From either perspective, Mr. Brugger's was a transforming discovery, one that settled an issue that had been puzzling scientists for generations, that touched off a stampede of butterfly lovers and that transformed the Indian culture. Their mountain homeland, 80 miles southwest of Mexico City, was turned into a tourist attraction. And this created a campaign to protect the monarchs' sanctuaries from loggers and other modern encroachments.

For Mr. Brugger, a modest man who talked little about his achievements, the discovery of the monarch butterfly's winter home was a satisfying twist to a life of intellectual adventure.

A man whose mechanical aptitude and mathematical brilliance surfaced early in his life, Mr. Brugger, who never obtained a college degree, worked as a mechanic in his father's garage until World War II. Then the Army saw his test scores and assigned him to the Signal Corps at Fort Monmouth, N.J., where he worked in cryptology and developed a lifelong interest in homing pigeons; at his death he had 13 birds.

Returning to Kenosha after the war, Mr. Brugger went to work as a junior supervisor for Jockey International. By the time a divorce led him to pull up stakes in 1965 and start a new life as a textile consultant in Mexico City, he had risen to chief engineer for Jockey's worldwide knitting operations, designing, installing and tinkering with innovative textile machines. Among them was the compactor, which compresses cotton fibers so much that when they spring back in the wash it compensates for the inevitable shrinkage.

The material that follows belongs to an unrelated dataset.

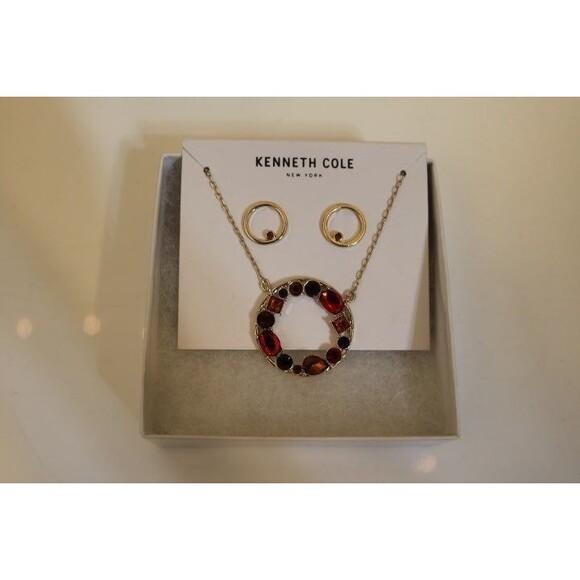 New Kenneth Cole NY Jewelry Necklace Set - Picture 3 of 5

Mr. Brugger's achievements may have been limited to underwear if he had not picked up a Mexican newspaper one day in 1973 and seen an advertisement placed by Fred A. Urquhart, a University of Toronto scientist who was seeking volunteers to help him track the annual migration of monarchs.

Since 1940, when he began the project, Dr. Urquhart had enlisted 3,000 volunteers who had systematically tagged thousands of butterflies, faithfully reported sightings of their annual flights south, and learned much about the world's only insect migration -- one that is especially remarkable since the monarchs that swarm out of Mexico in the spring are not the ones who return in the fall.

Because of a sustained and unparalleled sexual frenzy, monarchs mate themselves into oblivion in a matter of weeks, and it is generally their great-grandchildren or great-great-grandchildren, hatched out on milkweed leaves from Texas to Canada, that make the return trip for what turns out to be a lazy, celibate winter, an abstinence that allows them to live long enough to begin the flight back north the next spring.

The one thing Dr. Urquhart had not learned is exactly where the monarchs spend the winter.

Recalling that he had once driven through a sudden storm of monarch butterflies during a trip through the volcanic mountains west of Mexico City, Mr. Brugger wrote to Dr. Urquhart and was persuaded to return to the area to search for them.

And that is how it happened that on Jan. 2, 1975, a date that lepidopterists hold dear, Mr. Brugger and his wife, Catalina, made their way through a forest of Oyamel firs until they reached the 10,000-foot level and suddenly realized that the trees were covered with monarchs, as many as four million an acre, according to later estimates.

As thousands of ecstatic tourists have since discovered, the massed orange and black monarchs make a breathtakingly beautiful sight.

It was a beauty that was largely lost on Mr. Brugger, who is survived by three children, Carl, of Racine, Wis., Katharine Carroll of Kenosha, and Kenneth Jr., of Austin; a brother, Robert, of Kenosha; three grandchildren, and three great-grandchildren.

A man who once came home with a new sports jacket with an orange stripe he thought was green, Mr. Brugger was totally colorblind -- he saw the monarchs as shades of gray.